The Texas ADBA show April 2 &3 will be offering the Safe Dog Certification Test (SDC) on Saturday (possibly Sunday but I am checking on that) The test will be $20 per dog and be the Level 1 test. If you have any questions on testing please contact Lisa at 505 203 9586. Come be among the first to be SDC! The award will be listed with the ADBA on the website. Registered dogs in the ADBA stud book will have this award entered as part of their record. All awards will be indicated on the dog's registration certificate and on future pedigrees of their offspring. Open to all dogs of any breed 12 month and older.

Dogs can be Safe Dog Certified at the Basic Level I and then at a later date complete the Temperament evaluation to complete the Advanced Level II.

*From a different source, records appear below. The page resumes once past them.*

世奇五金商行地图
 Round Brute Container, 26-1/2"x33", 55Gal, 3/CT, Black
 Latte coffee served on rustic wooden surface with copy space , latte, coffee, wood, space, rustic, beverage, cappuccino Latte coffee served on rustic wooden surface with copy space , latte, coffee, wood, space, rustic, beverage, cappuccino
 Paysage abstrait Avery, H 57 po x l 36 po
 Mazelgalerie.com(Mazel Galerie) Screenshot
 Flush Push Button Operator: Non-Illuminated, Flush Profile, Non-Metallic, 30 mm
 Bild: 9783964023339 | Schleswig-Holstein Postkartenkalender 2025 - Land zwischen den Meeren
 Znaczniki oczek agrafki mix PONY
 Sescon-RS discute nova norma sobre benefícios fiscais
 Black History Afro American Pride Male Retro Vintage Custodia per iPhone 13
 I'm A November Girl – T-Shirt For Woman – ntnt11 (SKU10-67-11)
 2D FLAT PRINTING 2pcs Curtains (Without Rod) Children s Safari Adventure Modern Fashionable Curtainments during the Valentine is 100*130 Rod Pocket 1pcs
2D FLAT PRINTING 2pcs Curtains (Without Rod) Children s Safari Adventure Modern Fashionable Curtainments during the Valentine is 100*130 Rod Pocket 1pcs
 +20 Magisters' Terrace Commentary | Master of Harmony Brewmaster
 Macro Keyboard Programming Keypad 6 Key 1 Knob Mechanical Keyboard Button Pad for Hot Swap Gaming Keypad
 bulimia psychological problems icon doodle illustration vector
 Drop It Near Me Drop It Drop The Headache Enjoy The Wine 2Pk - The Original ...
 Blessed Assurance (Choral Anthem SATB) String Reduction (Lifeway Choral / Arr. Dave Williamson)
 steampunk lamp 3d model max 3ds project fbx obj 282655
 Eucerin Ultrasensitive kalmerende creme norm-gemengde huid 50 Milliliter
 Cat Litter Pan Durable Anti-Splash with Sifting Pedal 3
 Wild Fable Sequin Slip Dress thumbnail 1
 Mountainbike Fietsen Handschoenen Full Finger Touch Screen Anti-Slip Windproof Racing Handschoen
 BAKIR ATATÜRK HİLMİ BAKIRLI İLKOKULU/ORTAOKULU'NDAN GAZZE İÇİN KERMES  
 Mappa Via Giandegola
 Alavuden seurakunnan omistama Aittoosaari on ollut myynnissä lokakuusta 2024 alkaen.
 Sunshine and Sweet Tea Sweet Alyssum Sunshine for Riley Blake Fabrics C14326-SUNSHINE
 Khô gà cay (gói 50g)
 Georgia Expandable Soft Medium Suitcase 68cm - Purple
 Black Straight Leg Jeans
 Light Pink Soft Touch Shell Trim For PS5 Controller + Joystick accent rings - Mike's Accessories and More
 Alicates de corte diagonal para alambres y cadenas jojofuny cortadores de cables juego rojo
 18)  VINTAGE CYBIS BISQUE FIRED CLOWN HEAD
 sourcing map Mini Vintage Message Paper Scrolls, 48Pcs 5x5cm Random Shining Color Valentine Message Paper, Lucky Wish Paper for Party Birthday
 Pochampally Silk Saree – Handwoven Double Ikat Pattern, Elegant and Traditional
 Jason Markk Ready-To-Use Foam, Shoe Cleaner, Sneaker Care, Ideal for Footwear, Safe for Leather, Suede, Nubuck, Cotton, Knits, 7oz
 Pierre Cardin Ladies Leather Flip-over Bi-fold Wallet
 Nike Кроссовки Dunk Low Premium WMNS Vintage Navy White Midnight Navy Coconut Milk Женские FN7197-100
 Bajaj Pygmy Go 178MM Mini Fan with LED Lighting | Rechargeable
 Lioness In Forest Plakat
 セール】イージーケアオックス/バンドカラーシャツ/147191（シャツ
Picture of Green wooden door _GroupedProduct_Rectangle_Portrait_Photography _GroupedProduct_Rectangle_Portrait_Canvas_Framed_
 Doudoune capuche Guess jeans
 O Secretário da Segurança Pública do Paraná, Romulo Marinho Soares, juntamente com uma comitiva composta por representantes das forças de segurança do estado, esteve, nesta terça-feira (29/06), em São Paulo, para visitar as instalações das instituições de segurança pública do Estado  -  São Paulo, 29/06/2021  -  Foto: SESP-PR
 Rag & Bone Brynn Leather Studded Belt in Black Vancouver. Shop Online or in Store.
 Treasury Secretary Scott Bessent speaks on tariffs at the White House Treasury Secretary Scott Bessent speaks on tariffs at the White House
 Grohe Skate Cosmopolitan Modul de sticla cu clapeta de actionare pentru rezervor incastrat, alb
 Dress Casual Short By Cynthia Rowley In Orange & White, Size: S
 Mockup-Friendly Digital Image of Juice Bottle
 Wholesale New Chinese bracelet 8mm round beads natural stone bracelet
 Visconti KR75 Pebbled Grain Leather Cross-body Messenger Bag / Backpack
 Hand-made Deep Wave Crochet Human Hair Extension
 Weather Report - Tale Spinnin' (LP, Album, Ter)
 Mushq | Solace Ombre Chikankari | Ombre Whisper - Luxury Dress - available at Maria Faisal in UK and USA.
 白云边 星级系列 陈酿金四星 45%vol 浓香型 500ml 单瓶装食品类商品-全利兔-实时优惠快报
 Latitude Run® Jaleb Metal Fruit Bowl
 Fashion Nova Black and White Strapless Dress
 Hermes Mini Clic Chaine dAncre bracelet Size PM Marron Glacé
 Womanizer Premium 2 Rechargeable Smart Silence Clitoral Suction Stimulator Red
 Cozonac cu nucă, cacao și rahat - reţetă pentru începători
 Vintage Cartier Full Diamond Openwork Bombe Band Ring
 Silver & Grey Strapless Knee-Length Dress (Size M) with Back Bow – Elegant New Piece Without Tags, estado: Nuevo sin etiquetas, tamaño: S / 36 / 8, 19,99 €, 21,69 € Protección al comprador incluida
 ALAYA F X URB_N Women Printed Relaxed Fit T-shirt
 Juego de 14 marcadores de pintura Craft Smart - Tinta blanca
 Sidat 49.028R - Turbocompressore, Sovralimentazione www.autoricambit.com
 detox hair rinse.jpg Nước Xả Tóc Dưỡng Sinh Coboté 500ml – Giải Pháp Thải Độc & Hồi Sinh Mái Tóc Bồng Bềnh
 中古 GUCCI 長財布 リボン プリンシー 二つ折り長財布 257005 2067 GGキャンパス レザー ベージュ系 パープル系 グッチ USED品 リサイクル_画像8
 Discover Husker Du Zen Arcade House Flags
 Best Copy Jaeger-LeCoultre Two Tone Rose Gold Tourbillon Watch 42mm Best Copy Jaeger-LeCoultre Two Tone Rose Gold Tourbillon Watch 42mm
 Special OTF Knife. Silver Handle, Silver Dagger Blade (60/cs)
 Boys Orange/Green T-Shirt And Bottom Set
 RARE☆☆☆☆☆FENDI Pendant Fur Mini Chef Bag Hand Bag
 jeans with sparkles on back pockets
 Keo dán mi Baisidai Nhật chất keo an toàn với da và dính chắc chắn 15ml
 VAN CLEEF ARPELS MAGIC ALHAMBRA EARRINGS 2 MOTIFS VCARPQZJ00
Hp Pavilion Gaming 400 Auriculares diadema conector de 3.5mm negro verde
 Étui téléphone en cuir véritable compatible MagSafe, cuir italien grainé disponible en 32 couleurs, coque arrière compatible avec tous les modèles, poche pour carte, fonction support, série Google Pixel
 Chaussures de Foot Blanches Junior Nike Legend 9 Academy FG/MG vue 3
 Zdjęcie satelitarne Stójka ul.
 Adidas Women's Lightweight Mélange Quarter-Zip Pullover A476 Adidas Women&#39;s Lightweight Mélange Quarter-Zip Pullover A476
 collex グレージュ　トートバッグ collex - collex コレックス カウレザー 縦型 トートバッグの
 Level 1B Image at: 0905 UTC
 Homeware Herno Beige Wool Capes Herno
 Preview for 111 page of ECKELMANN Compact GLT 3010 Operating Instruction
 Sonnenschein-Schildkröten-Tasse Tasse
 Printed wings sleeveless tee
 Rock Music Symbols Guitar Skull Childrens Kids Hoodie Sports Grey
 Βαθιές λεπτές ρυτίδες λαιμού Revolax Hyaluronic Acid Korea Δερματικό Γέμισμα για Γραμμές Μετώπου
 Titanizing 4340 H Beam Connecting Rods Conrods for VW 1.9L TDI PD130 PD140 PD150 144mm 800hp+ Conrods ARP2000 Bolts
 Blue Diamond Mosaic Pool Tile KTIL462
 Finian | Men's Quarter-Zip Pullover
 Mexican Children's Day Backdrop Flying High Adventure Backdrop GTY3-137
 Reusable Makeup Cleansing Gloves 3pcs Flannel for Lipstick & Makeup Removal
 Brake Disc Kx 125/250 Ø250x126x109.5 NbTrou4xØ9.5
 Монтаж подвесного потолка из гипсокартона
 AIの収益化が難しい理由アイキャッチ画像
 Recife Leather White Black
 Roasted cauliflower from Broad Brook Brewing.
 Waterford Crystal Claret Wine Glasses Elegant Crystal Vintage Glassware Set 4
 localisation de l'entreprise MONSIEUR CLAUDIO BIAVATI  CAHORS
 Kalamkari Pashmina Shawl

Safe Dog Program Basic Level I: 
Level # I Part A: Behavior and Training Test:
The Behavior and training test will consist of nine subsets or exercises to evaluate the dog's behavior, showing respect for his handler as pack leader, steadiness and the handler's ability to control his dog.
Sub-test #1 thru #3 deals with the dog's tolerance of interaction with a neutral and friendly stranger (handler present).
Sub-test #4 thru #6 tests for simple obedience training
Sub-test #7 thru #9 tests for a handler's ability to control the dog experiencing distractions within the test area
The handler may use mild corrections, praise or encouragement during the test, but no treats or props may be used. Sub-tests are scored pass/fail. Dogs must pass all sub-tests to pass this part of the test. If a dog fails any sub-test of Part #1, the handler can elect to have his dog retested completing the entire Behavior and Training test again. 
Level # I Part B: Responsible Ownership
The owners and or handlers of the dogs participating in the Safe Dog Program will be given a short presentation or the opportunity to view a short video on Basic Canine Psychology and Responsible Ownership. A written outline will accompany this instruction. After review and time to answer any questions, a true/false, multiple choice exam will be given to participants. We trust that everyone will be achieving a 100% score on this exam after participating in this section of the Safe Dog Program.

Need to prepare for the test here is all the information you need!
American Dog Breeders Association


----------



## apbtproud (May 28, 2008)

in TX? Where? sorry out of the loop here..


----------



## performanceknls (Apr 4, 2009)

George town outside of Austin.


----------